Coexistence and Basins of Attraction in Nonreciprocal Duffing Chains

Determine the coexistence of multiple attractors and characterize their basins of attraction in the one-dimensional chain of unidirectionally coupled double-well Duffing oscillators arranged into ring-structured units, with forward coupling C, backward compensation coupling C′, and damping γ, as defined in the model equations. Ascertain the parameter regimes and initial-condition dependence under which different attractors (e.g., fixed points, limit cycles, tori, chaotic or hyperchaotic states) simultaneously exist, and delineate the boundaries of their attraction basins within this nonreciprocal, dissipative system.

Background

The paper introduces a nonlinear, dissipative model of a one-dimensional chain composed of ring-structured units of double-well Duffing oscillators with unidirectional (forward) couplings and long-range backward compensation couplings. The paper explores Non-Reciprocal Skin Effect (NRSE) in the nonlinear regime and demonstrates a range of attractors obtained via bifurcations, including limit cycles, tori, chaos, and hyperchaos, depending on coupling and nonlinearity parameters.

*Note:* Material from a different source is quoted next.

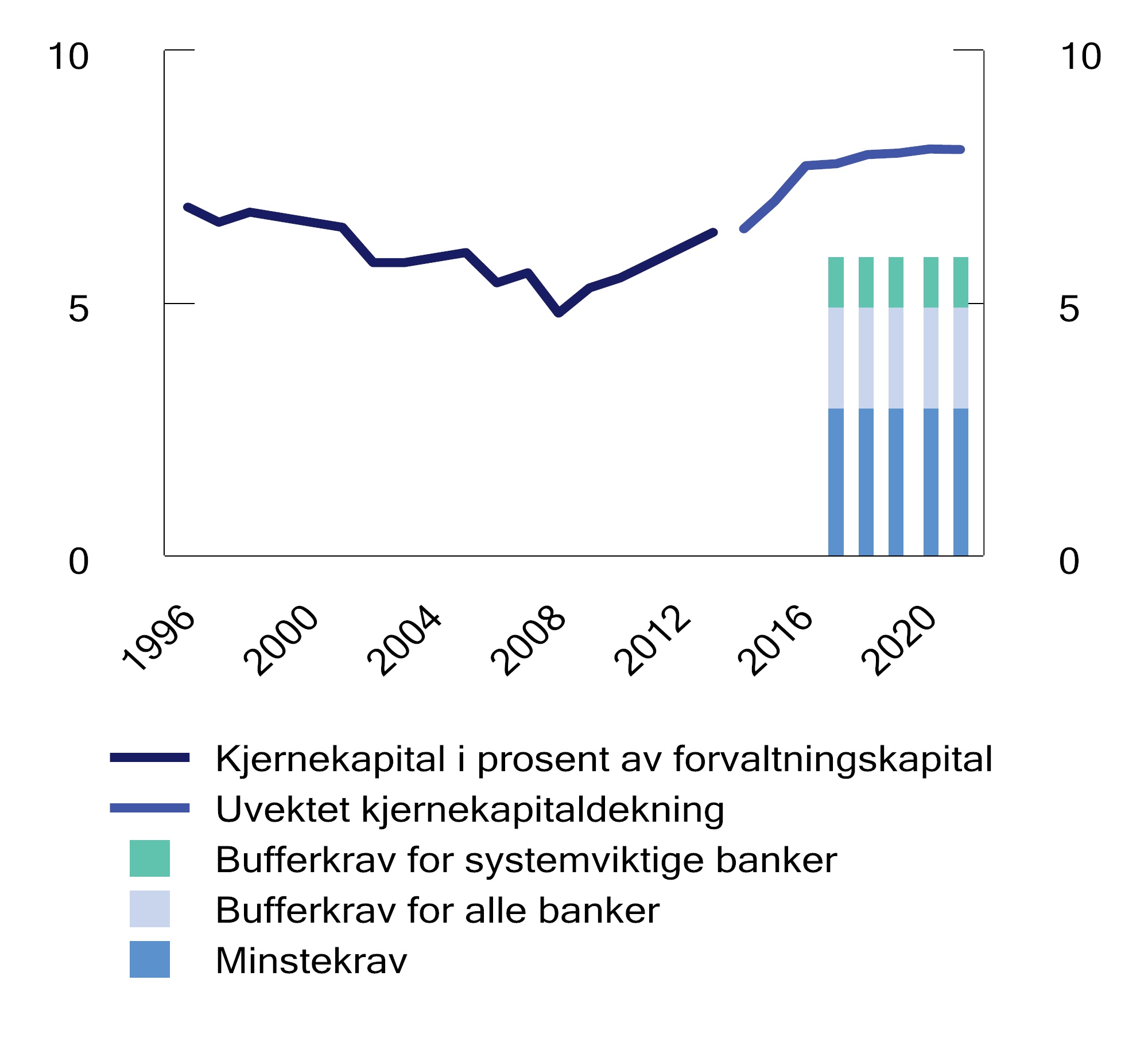 Figur 6.2 Minstekrav til uvektet kjernekapitaldekning og faktisk dekning i norske banker.1 Prosent.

Because the system is autonomous and dissipative, the presence of backward compensation C′ is essential to sustain nontrivial attractors. The authors show how adding units synthesizes higher-dimensional attractors due to unidirectional coupling, and how saturation leads to an anti-NRSE pattern in the chaotic regime. While they provide numerical bifurcation diagrams and Lyapunov spectra indicating rich dynamical behavior, they explicitly note that the detailed structure of coexisting attractors and their basins of attraction remains unresolved, motivating a precise classification and basin analysis in this nonreciprocal Duffing chain.